Là, le militant de la cause redevient un guide patient, concentré, paisible. A l'heure d'ébourgeonner ("la belle oeuvre", comme disait son beau-père), ou de partir piocher les trois hectares qui lui restent à travailler avant la fin juin, le vigneron se souvient des leçons de l'apiculteur.
"Tu ne peux pas forcer la nature. Il n'y a pas un millésime qui ressemble à un autre. D'une année sur l'autre, je peux tout perdre, je le sais. Ça a failli m'arriver en 2002, l'année ou nous avons perdu les abeilles et les trois-quarts de la récolte dans les inondations. Ça aussi, c'est une leçon d'humilité."

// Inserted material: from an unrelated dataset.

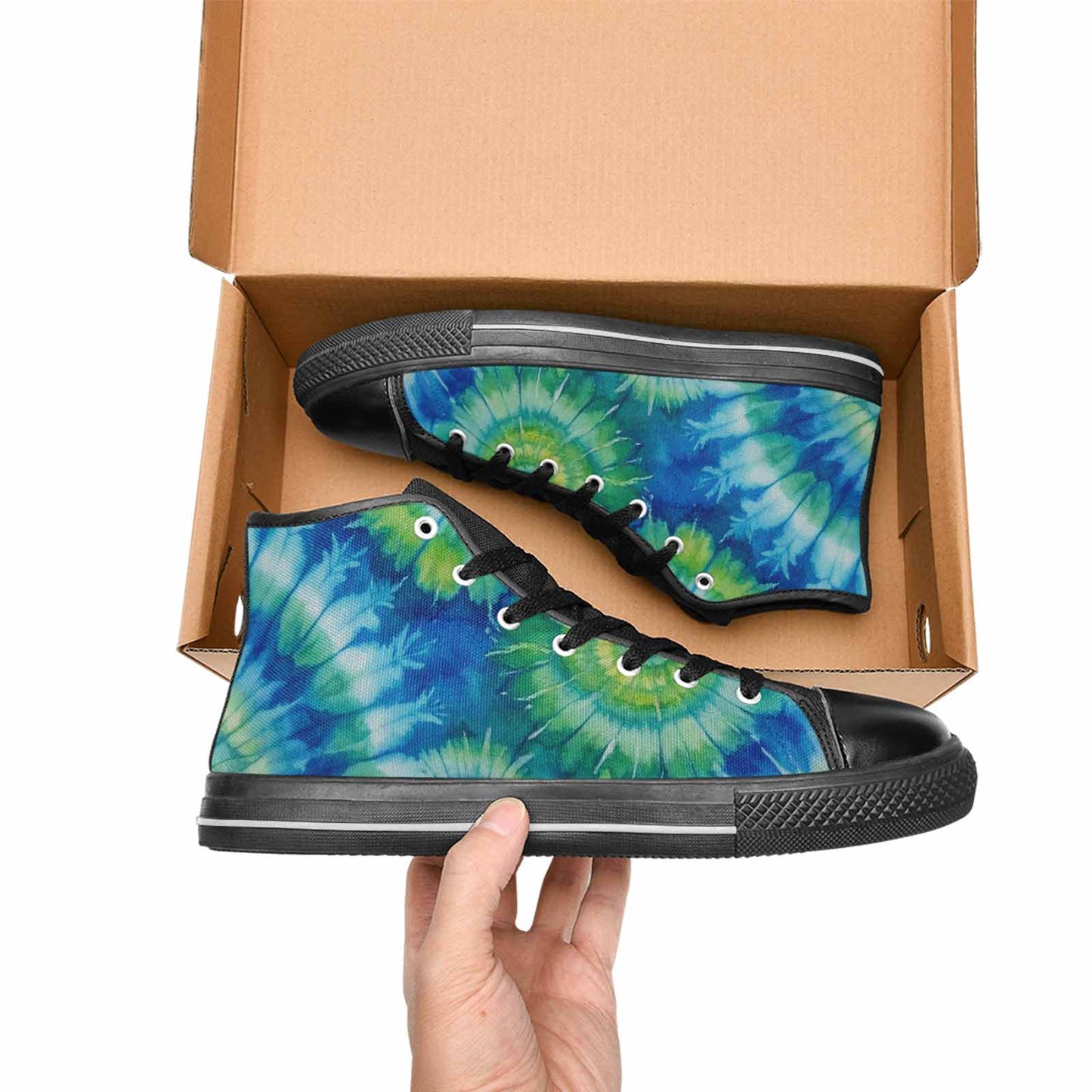 MEN'S Tie Dye Swirl High Top Canvas Grunge Shoes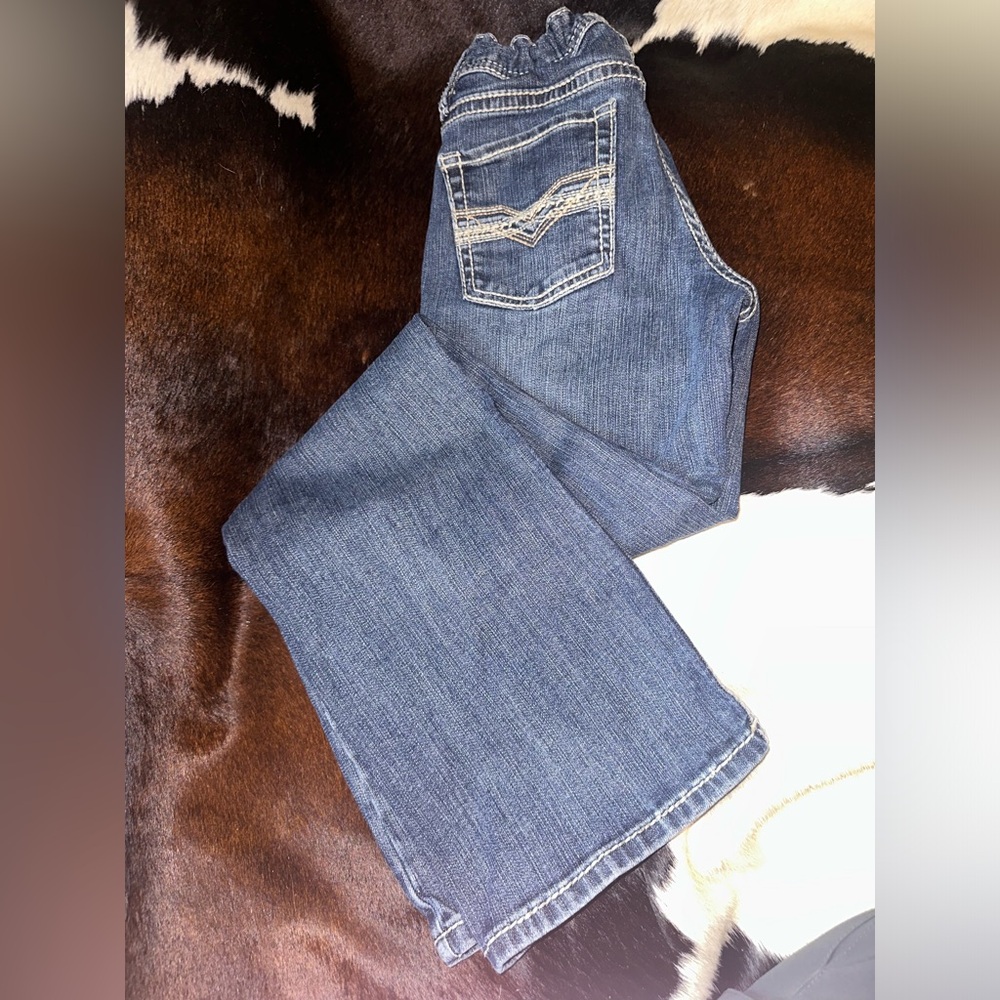 Boys Medium Blue Bootcut Jeans with Embroidered Pocket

Un silence et puis il ajoute:
"Pour moi la révolution, tu vois, ça n'est plus tout raser. Mais plutôt trouver l'équilibre... Transmettre. A 47 ans, je peux dire que je suis heureux, ouais... Je changerais pas ma vie. Mes fils ont 14 et 17 ans. Ils ont grandi ici. Donner ça à mes enfants, cette nature, c'est déjà une chance inouïe."Faut-il croire que c'est ce bonheur-là que l'on sent désormais dans ses vins?